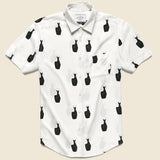 Flow Shirt - Black/White - Portuguese Flannel - STAG Provisions - Tops - S/S Woven - Other Pattern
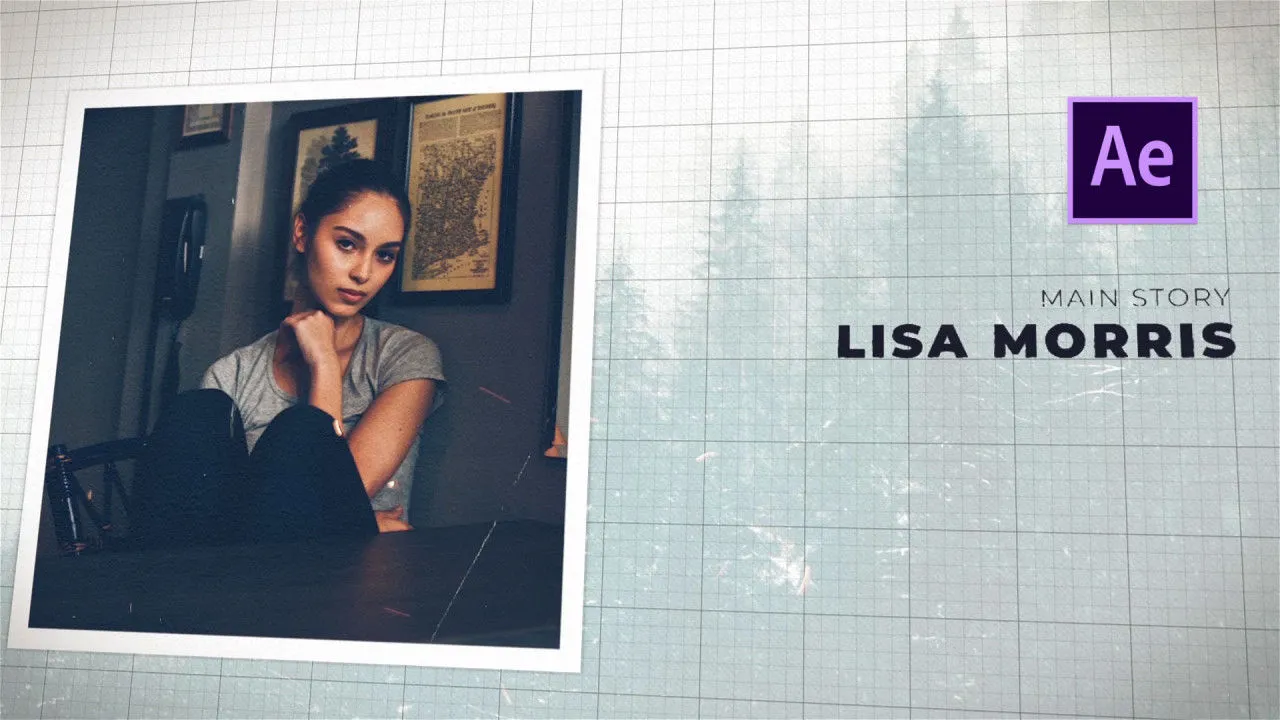 清晰的插图动态动画像素设计精选AE模板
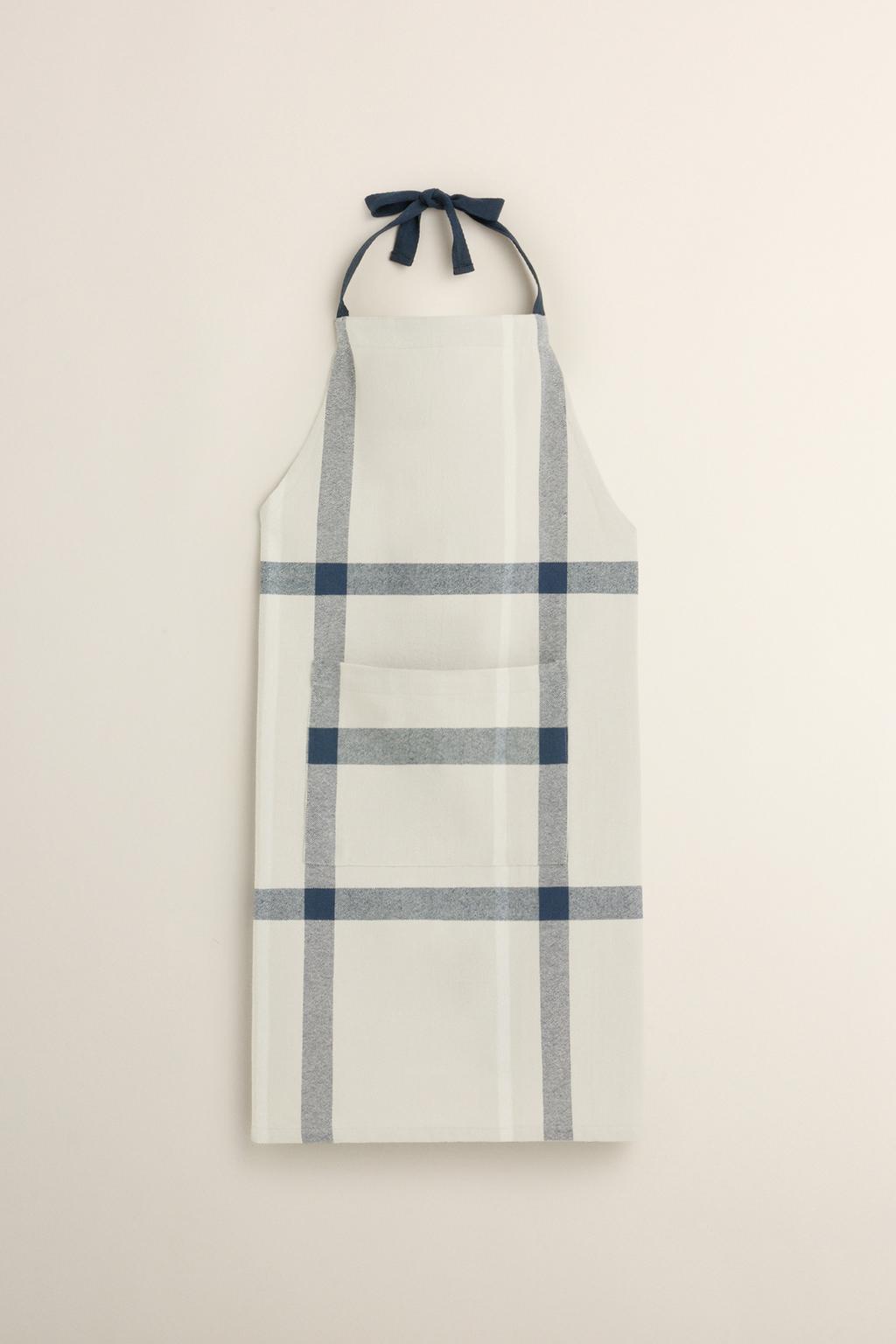 Rustic checkered apron – Lefties – صورة المنتج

### [Problem to solve]
The lines to write out run from the one containing "清晰的插图动态动画像素设计精选AE模板" through the final line of the material above, both included; write them out exactly, with no pictures.

### [Response to the exercise]
 清晰的插图动态动画像素设计精选AE模板
 Rustic checkered apron – Lefties – صورة المنتج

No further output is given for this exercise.